Bu bilginin yıllar sonra ağaçların sinir sisteminden bahseden Avrupalı bilim insanlarının bir araştırması ile  karşıma çıkacağını hiç tahmin etmemiştim. Ama o da dedelerimizden öğrendiğim diğer bilgiler gibi son yüz yılda (önemi var mı bilemiyorum ) bilimselliğe kavuştu. Ben şimdi tüm bunları niye anlatıyorum kısmına gelecek olursak. Aslında kesilmiş tomruklardan kafamıza göre kereste çıkaramayız. Yani çok istersek elbette ki ağacı keseriz ama kestiğimiz şey kereste olmaz. O işinde bir adabı var aslında. Tabi şimdilerde koca makinelerle, ağaçları alıp otomatik hızarlarda gelişine kesiyorlar. Bu kesim en kolay olan, en az fire verdiren paralel kesimdir. Paralel olarak kesilen  keresteler öncelikle bol miktarda dönme eğiliminde olurlar. Taşıyıcılıkları son derece azdır. Çatı kaplaması gibi basit işlerde kullanılırlar. Fakat bir keresteciye gidip muhtemelen sadece paralel kesilmiş kereste alabilirsiniz. Kerestenin en kesitine baktığınızda ağacın damarlarından bunu rahatlıkla görebilirsiniz.

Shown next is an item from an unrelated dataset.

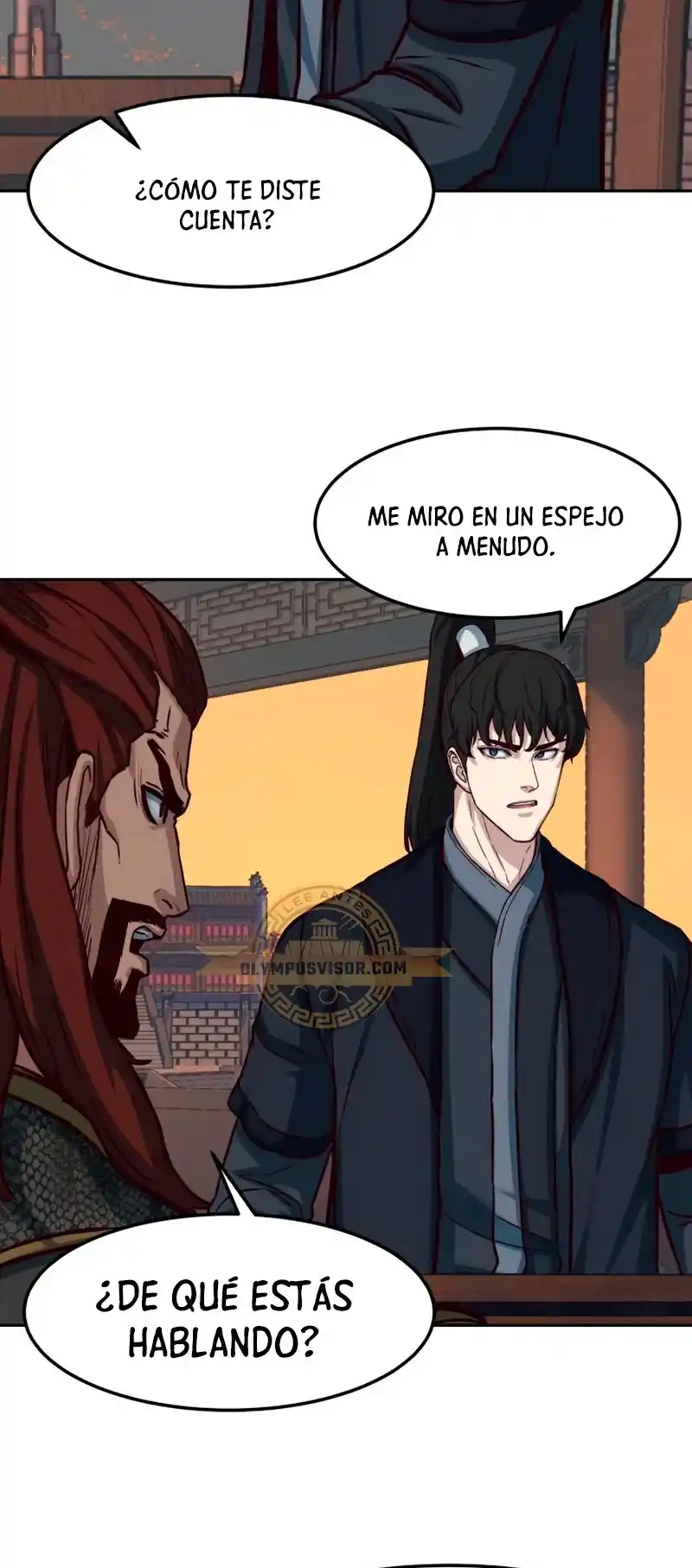 En Las Noches Consumidas Por Las Cuchillas, Yo Camino - Capítulo 100 - Página 19 - LectorTMOo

Sağlam keresteler çeyrek biçme tekniği ile elde edilir.  Uğraştırıcı, bol fireli olduğu için bu yöntem tercih edilmez. Böyle bir keresteyi talep edecek bilgi de ortalıkta çok gezmediğinden şimdilerde sistem bu. Bir kerestenin kesitine baktığınızda yaş halkalarının kerestenin eni ile en az 45 derecelik bir açı yapıyor olması gerekir.  45 ve daha üzerinde açı yapan malzeme kolay dönmez ve sağlamdır.  Eğer ahşabı taşıyıcı olarak kullanmak istiyorsanız kullanacağınız kereste mümkünse en ortada ki kısım olmalıdır. Yani eğer 15*15cm.lik bir dikme kullanacaksanız kesitine baktığınızda daire şeklinde tam bir büyüme halkası görebiliyor olmanız gerekir. Bu kereste son derece sağlamdır.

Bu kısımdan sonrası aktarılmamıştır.